# JD 3038E Leaking fluid front axle on right side



## Pat E (Oct 1, 2020)

I noticed a leak on garage floor a couple of weeks ago. Just noticed this when I took tractor out today. Tractor wasn't turning smoothly. Front tires were bucking/jerking. Photos attached.


Is this difficult to fix?


----------



## Pat E (Oct 1, 2020)

Thank you. I need to get that!


johnks said:


> John Deere 3032e 3036e 3038e Compact Utility Tractors Service Repair Manual John Deere 3032e 3036e 3038e Compact Utility Tractors Sn. 010001-60999 (tm100619) Service Repair


----------



## BinVa (Sep 21, 2020)

Yes it's serious!! Check your trans fluid level. Most notable when roading tractor. There's a good write up over on 'Green Tractor' for seal replacement. B


----------



## Pat E (Oct 1, 2020)

BinVa said:


> Yes it's serious!! Check your trans fluid level. Most notable when roading tractor. There's a good write up over on 'Green Tractor' for seal replacement. B


I checked. It was very low. I will look for the write up. Thank you.


----------



## Pat E (Oct 1, 2020)

BinVa said:


> Yes it's serious!! Check your trans fluid level. Most notable when roading tractor. There's a good write up over on 'Green Tractor' for seal replacement. B


Read everything I could find. It sounds way over my head. City girl in the country. Dad taught me how to tune up my car and change out brake pads when I was a kid in the 70's, but tractors were not in the lesson plan. 

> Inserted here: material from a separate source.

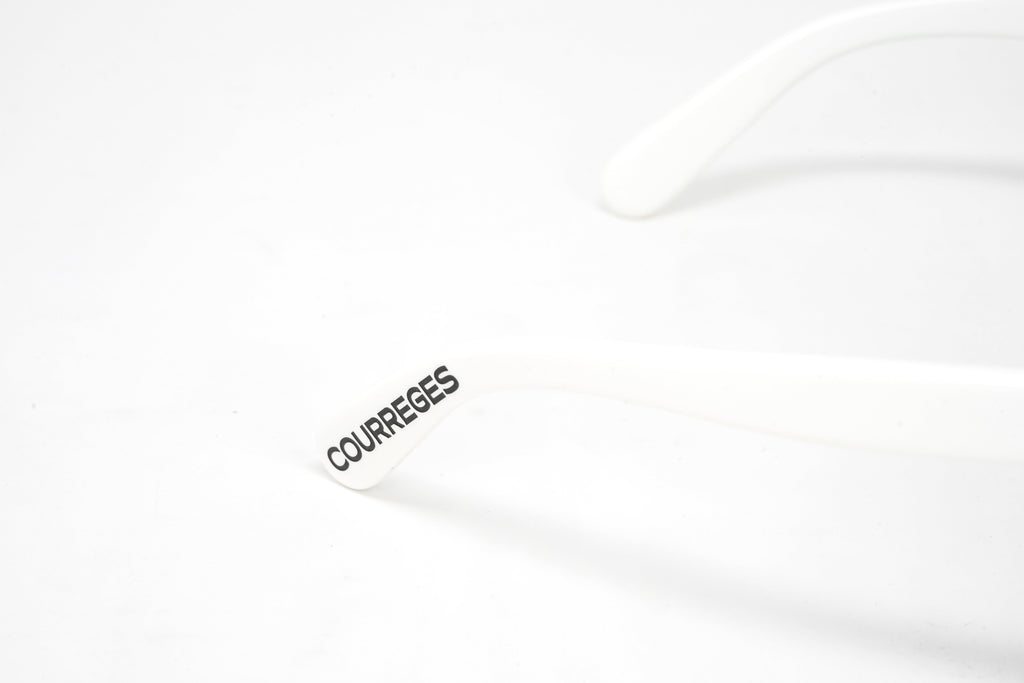 Courrèges Women's Sunglasses Oversized Flat Top White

Thanks much to johnks and BinVa for the quick replies and helpful ideas.


----------



## BinVa (Sep 21, 2020)

Well at least you know what is involved. Hopefully you have a local mechanic that can do the work..not a big job if you’re prepared. Get it fixed soon. If you must run it..keep an eye on the fluid level and speed slow. B.


----------



## Tx Jim (Jul 28, 2020)

BinVa said:


> Yes it's serious!! Check your trans fluid level. Most notable when roading tractor. There's a good write up over on 'Green Tractor' for seal replacement. B


I agree checking fluid levels is important before start up. Just to clarify front axle leaks indicates frt axle/outboard gear oil level needs checking not transmission oil level.


----------



## Fedup (Feb 25, 2014)

You guys can't be serious. Check fluid levels and be cautious with it?

No, don't run it. The "bucking/jerking" you're experiencing is telling you that some bearings, gears, shafts, etc are dancing around in there. The more you run it, the more damage is likely to occur. Right now it's probably some bearings, and a few gears damaged. Keep going and you risk shafts, a broken housing, maybe more. 

Don't do any more work WITH it until you work ON it.


----------



## John W. Mason (May 4, 2020)

Fairly common with this tractor, especially if you fail to use ballast when using loader. Not bad to take apart. There is no trans fluid here, the front axle acts as a holding tank for the oil. Its really just an oil bath. I bought the manual and replaced the next deeper seals which are the pivot yoke seals.
Mine is a 2013, I bought it new. I dont use it a lot but those seals needed replacement around 650 hrs I believe. 
Depending on the serial number those seals changed, that was my challenge, getting the correct seals.


----------